***** Data to process *****

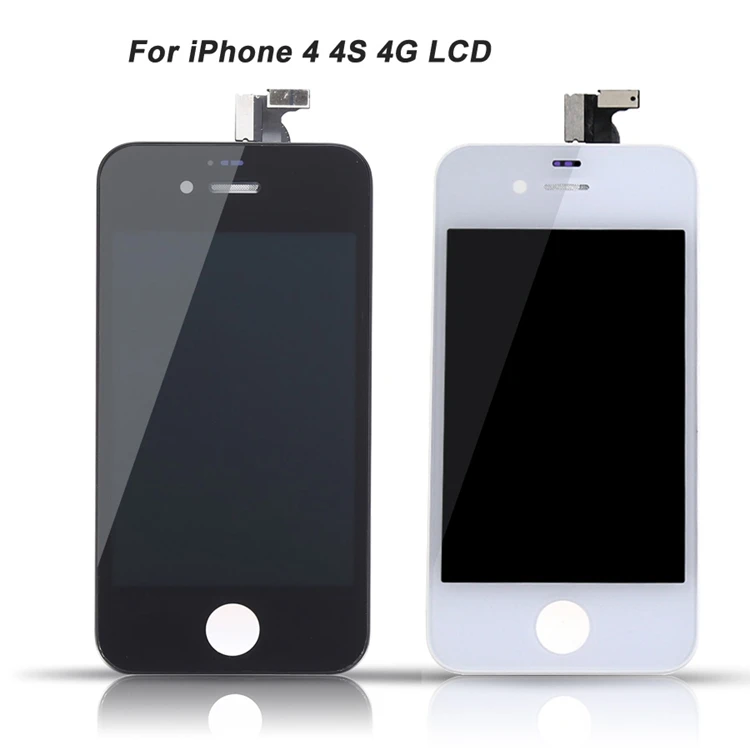 

Встроенный и внешний экран для iphone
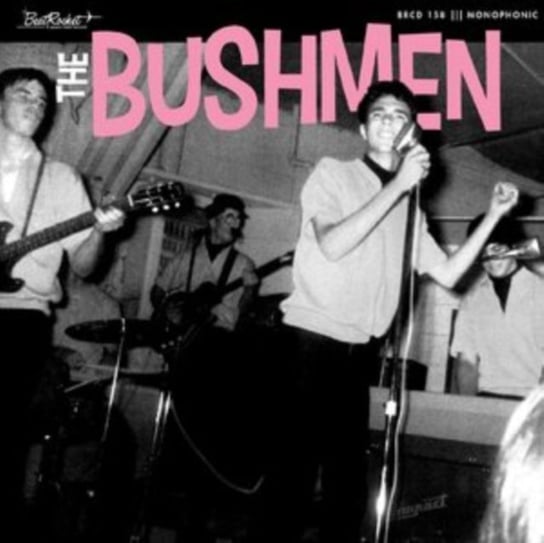 Виниловая пластинка Sundazed Records - The Bushmen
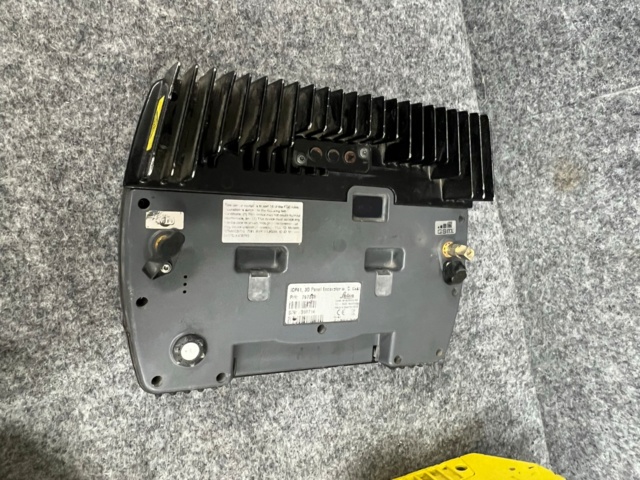 946879-12 GPS System for excavator Leica ICON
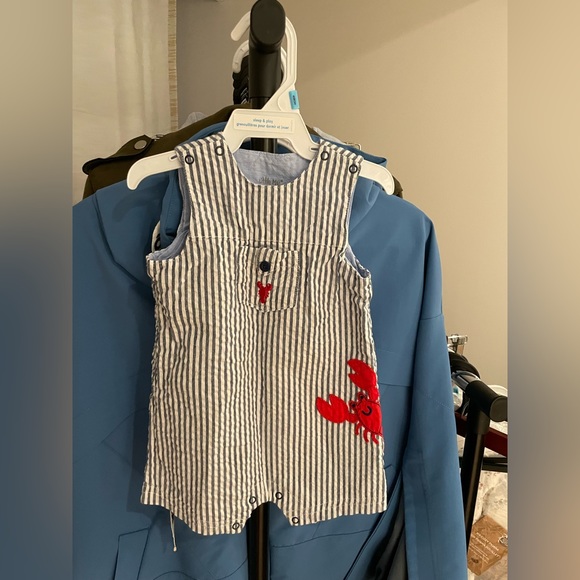 Little Me 2-pieces 6M - Picture 2 of 4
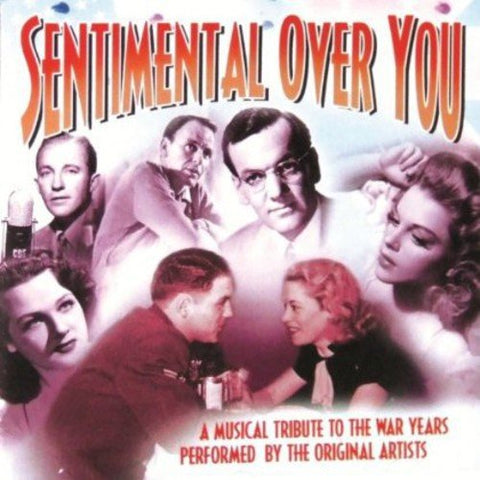 Various - Sentimental Over You [CD]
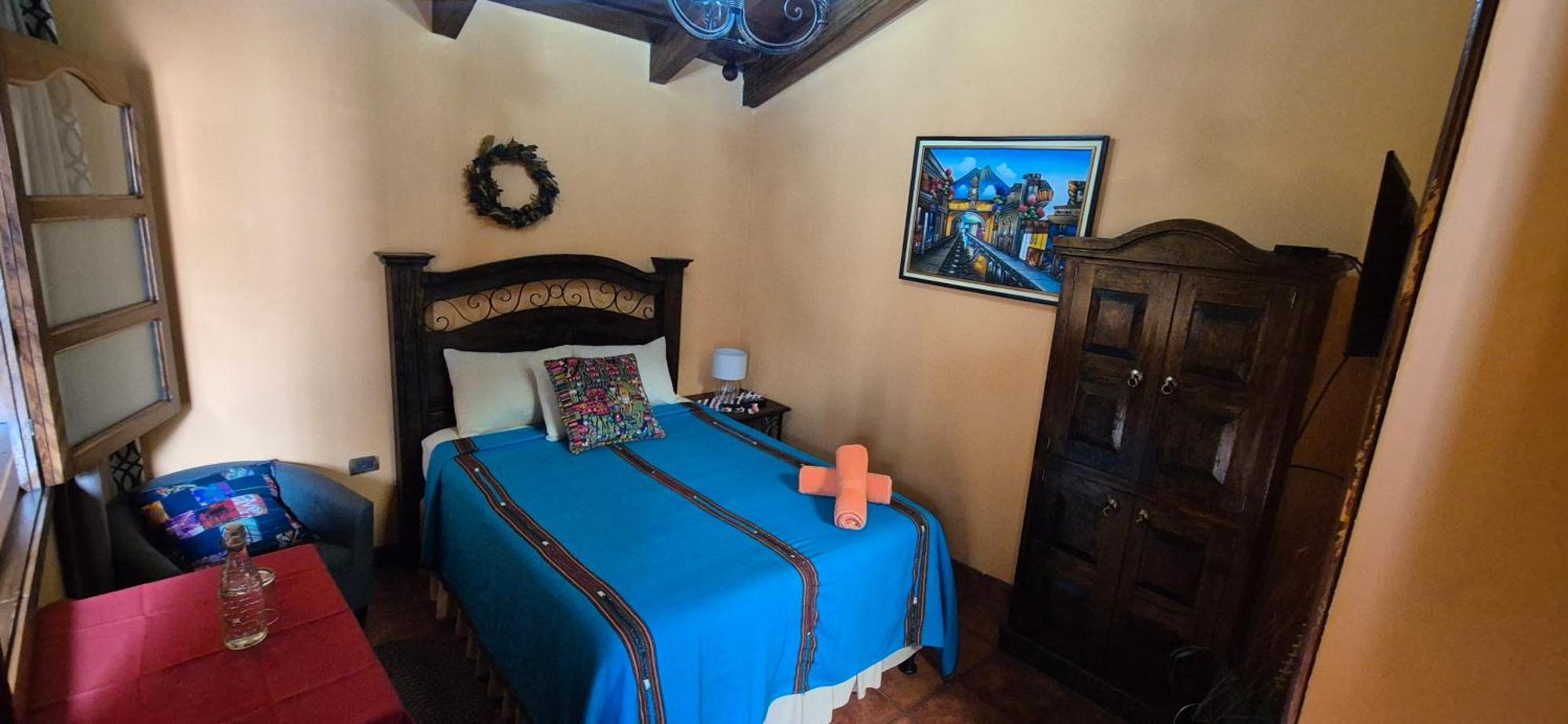 Hotel Casa Sofia Antigua Exteriér fotografie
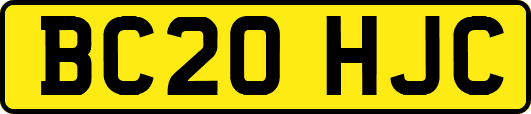 BC20HJC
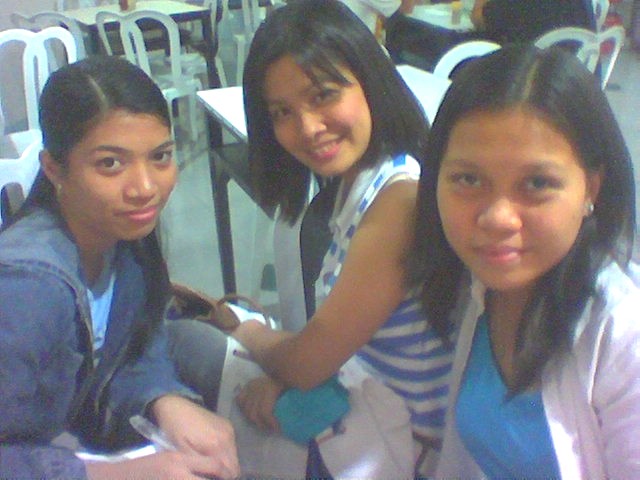 mhei, chyna & andrea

*****

Activity
Set down word for word the lines beginning with the one containing "Hotel Casa Sofia Antigua Exteriér fotografie" and ending with the last line of the listing, inclusive. Omit every picture.

Task answer
 Hotel Casa Sofia Antigua Exteriér fotografie
 BC20HJC
 mhei, chyna & andrea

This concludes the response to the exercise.